Given Data / Assumptions:

  • Idealized small-signal JFET model.
  • Gate is AC-grounded; signal applied to the source; output taken at the drain.
  • Neglect parasitic capacitances for the basic impedance discussion.


Concept / Approach:

The small-signal input resistance of a common-gate JFET is approximately 1/gm (the inverse of transconductance), often only a few hundred ohms to a few kilo-ohms, which is much lower than the megaohm-level input resistance of common-source or source-follower stages. Hence, the qualitative description is “low” input impedance, not “very high.”


Step-by-Step Solution:

Small-signal model shows source input looking into a controlled current source with transconductance gm.Input resistance Rin ≈ 1/gm.Typical gm values in mS range → Rin in hundreds of ohms to a few kΩ → “low”.Thus, the common-gate JFET offers low input impedance suitable for matching.


Verification / Alternative check:

RF amplifier design texts use CG JFETs and MOSFETs to match 50 Ω or similar lines by choosing devices with suitable gm, confirming the “low input impedance” characterization.

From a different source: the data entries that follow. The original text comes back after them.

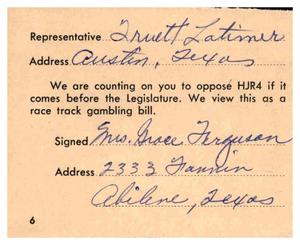[Postcard from Mrs. Grace Ferguson to Truett Latimer, 1961]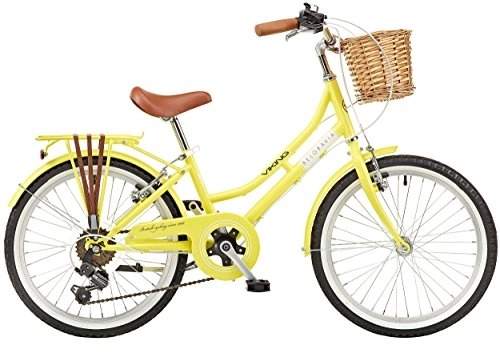 Comfort Bike : Viking Belgravia Girls Traditional Heritage 20" Wheel 6 Speed Bike Lemon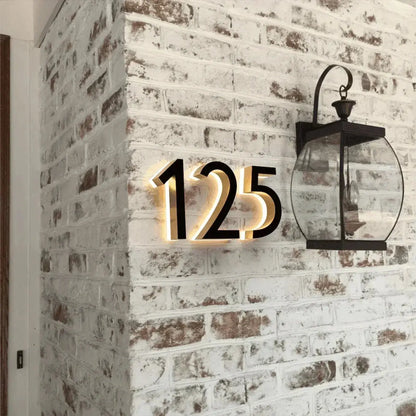Led outdoor waterproof home name figures exterior acrylic metal illuminated house numbers signs for door room apartment FYLZGO Custom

Why Other Options Are Wrong:

  • Very high/high: describe common-source or common-drain behavior, not common-gate.
  • Very low: overly strong; while low, it is typically not near-zero ohms.
  • Approximately infinite: applies to gate input of CS, not CG source input.


Common Pitfalls:

  • Confusing gate input resistance (very high) with source input resistance in CG (low).
  • Ignoring frequency-dependent capacitive reactance that can further shape input impedance.